_Excerpted data_
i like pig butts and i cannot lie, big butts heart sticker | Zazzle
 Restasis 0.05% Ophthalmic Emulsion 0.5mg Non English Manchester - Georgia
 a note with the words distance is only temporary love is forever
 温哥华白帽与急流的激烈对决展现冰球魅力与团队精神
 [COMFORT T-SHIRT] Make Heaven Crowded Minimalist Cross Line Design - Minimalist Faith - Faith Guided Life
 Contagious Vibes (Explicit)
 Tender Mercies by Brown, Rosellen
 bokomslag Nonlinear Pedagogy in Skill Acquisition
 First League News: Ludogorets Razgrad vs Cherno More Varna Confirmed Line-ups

_Requirement_
At the line with "Restasis 0.05% Ophthalmic", begin reproducing the material above exactly, and continue through its last line.

_Result for this task_
 Restasis 0.05% Ophthalmic Emulsion 0.5mg Non English Manchester - Georgia
 a note with the words distance is only temporary love is forever
 温哥华白帽与急流的激烈对决展现冰球魅力与团队精神
 [COMFORT T-SHIRT] Make Heaven Crowded Minimalist Cross Line Design - Minimalist Faith - Faith Guided Life
 Contagious Vibes (Explicit)
 Tender Mercies by Brown, Rosellen
 bokomslag Nonlinear Pedagogy in Skill Acquisition
 First League News: Ludogorets Razgrad vs Cherno More Varna Confirmed Line-ups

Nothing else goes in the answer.